"Taste in Men" is a 2000 single by the English alternative rock band Placebo. Taken from their third album, Black Market Music, it reached number 16 in the UK singles chart.

Music and reception
Gigwise ranked the track as Placebo's greatest hit, describing it as "bubbling, space-age blast of howling, claustrophobic electro-rock." Nevertheless, Pitchfork considered the song as a "lazy reprise the Roland 303 industrial funk of 'Pure Morning'."

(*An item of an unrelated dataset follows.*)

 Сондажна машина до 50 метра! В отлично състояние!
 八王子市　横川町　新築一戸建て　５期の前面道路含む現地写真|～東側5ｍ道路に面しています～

According to frontman Brian Molko, the band was influenced by the industrial rock band Nine Inch Nails during the recording of the song, particularly by the track "Wish".

Music video
The music video, directed by Barbara McDonogh, was filmed in the Central London Register office. It shows Molko involved in a bizarre love triangle with a rowing couple.  Montages of Molko with both the man and the woman are sequenced throughout the video.

Live performance history
The song was a staple of the Black Market Music and Sleeping With Ghosts tours. Despite not appearing during the initial legs of the tour, it reappeared for the winter 2006 leg of the Meds tour and remained until the conclusion of the tour. It was the closing song for all shows on the Battle For The Sun tour. The song also appeared during the 2012 tour as the concluding song for all shows, but was dropped at the start of the Summer Festivals leg.

Trivia
The phrase "come back to me awhile" is taken from the Sonic Youth song "Catholic Block", found on their album Sister.

The song was used in an episode from the United States version of Queer as Folk.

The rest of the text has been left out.